→ **Exercise goal**
Please return the listing below word for word, minus its pictures.
*** Excerpted records ***
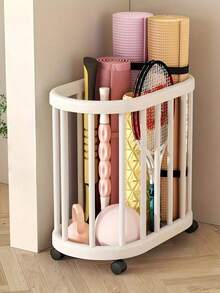 1pc Rolling Storage Bin With Smooth Wheels, Space-Saving Open Mesh Design, Suitable For Storing Yoga Mats, Rackets And Home Fitness Equipment, Bathroom Laundry Basket, Durable Plastic Structure, Back To School Storage Basket - Multicolor - View 7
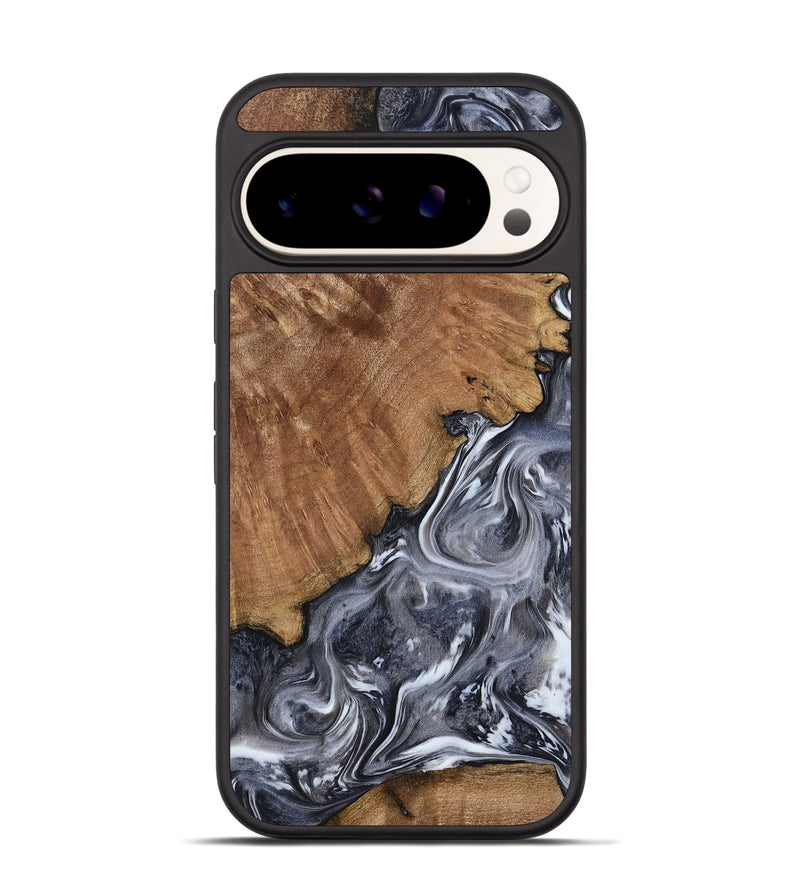 Pixel 9 Pro Wood Phone Case - Kristy (Black & White, 793877)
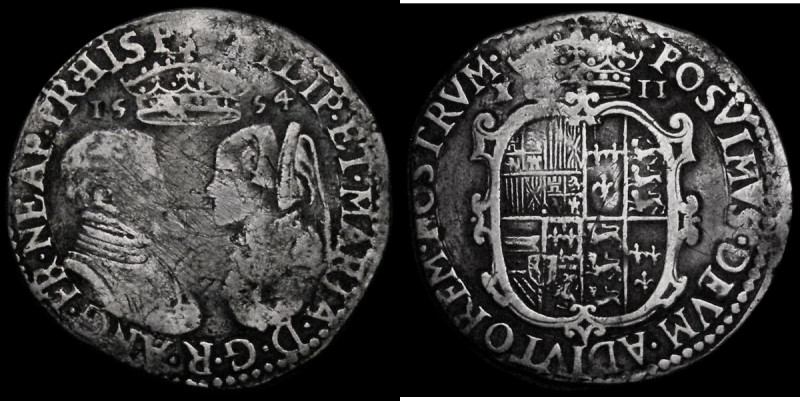 Shilling Philip and Mary 1554 full titles with mark of value S.2500 approaching ...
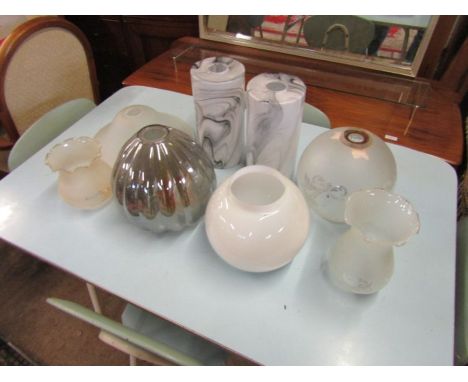 8 Vintage glass lamp shades 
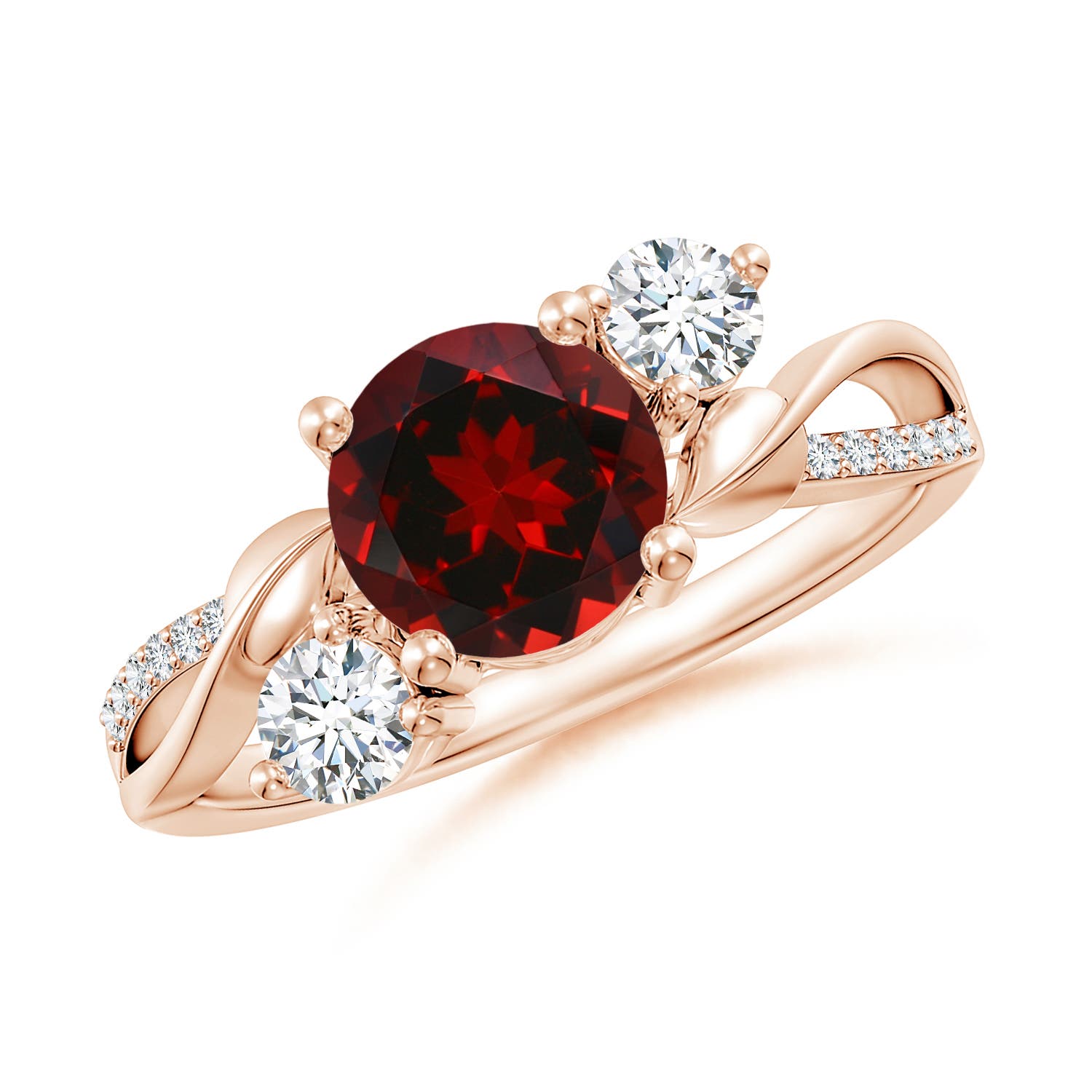 7mm AAAA Garnet and Diamond Twisted Vine Ring in 18CT Rose Gold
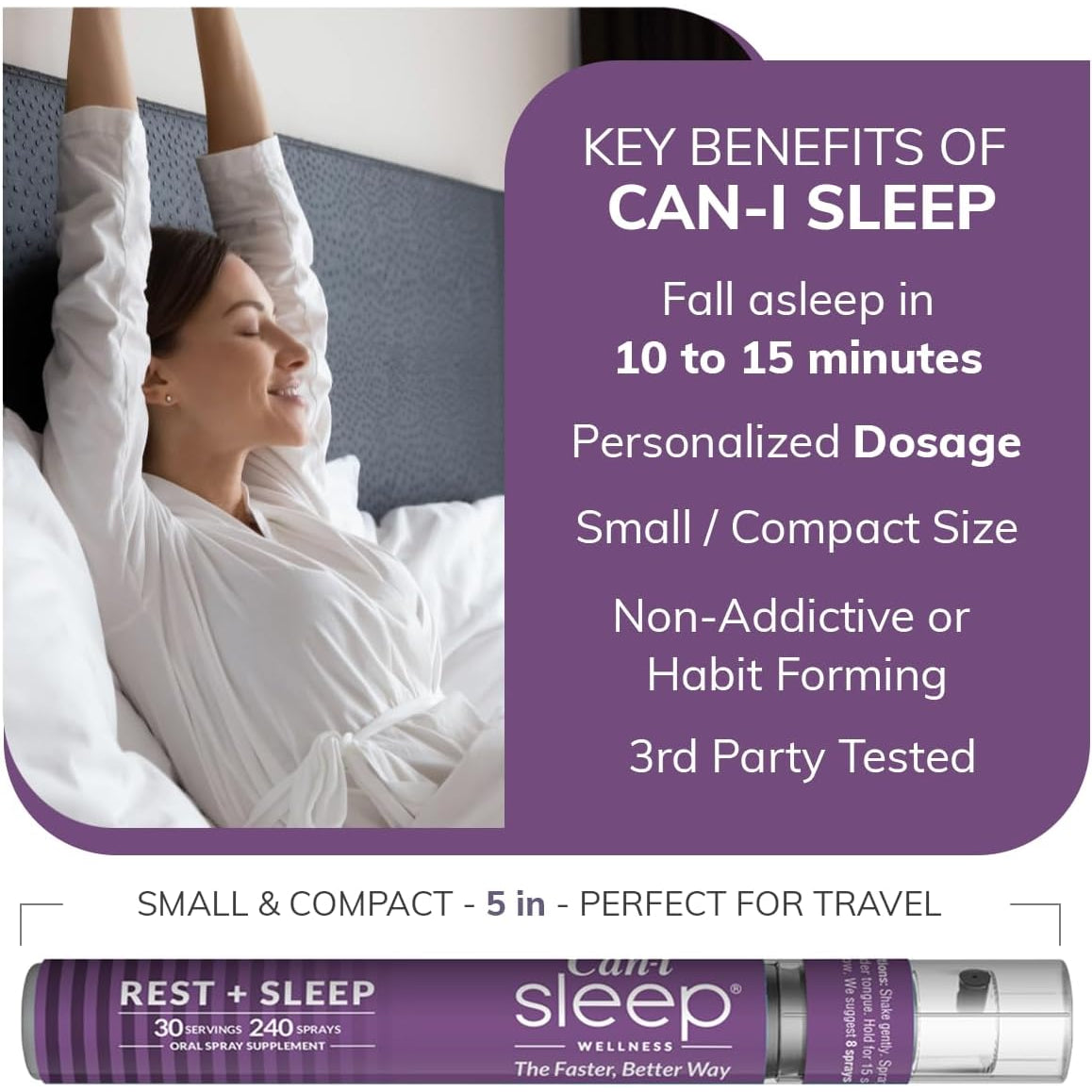 Can-I Sleep Spray for Adults – Fast-Acting Melatonin Spray with GABA & 5-HTP – Sleep Supplement to Fall Asleep Faster & Stay Asleep Longer – No Grogginess, Lack of Sleep Aid – 30 Servings 240 Sprays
***
→ **Solution to this problem**
 1pc Rolling Storage Bin With Smooth Wheels, Space-Saving Open Mesh Design, Suitable For Storing Yoga Mats, Rackets And Home Fitness Equipment, Bathroom Laundry Basket, Durable Plastic Structure, Back To School Storage Basket - Multicolor - View 7
 Pixel 9 Pro Wood Phone Case - Kristy (Black & White, 793877)
 Shilling Philip and Mary 1554 full titles with mark of value S.2500 approaching ...
 8 Vintage glass lamp shades 
 7mm AAAA Garnet and Diamond Twisted Vine Ring in 18CT Rose Gold
 Can-I Sleep Spray for Adults – Fast-Acting Melatonin Spray with GABA & 5-HTP – Sleep Supplement to Fall Asleep Faster & Stay Asleep Longer – No Grogginess, Lack of Sleep Aid – 30 Servings 240 Sprays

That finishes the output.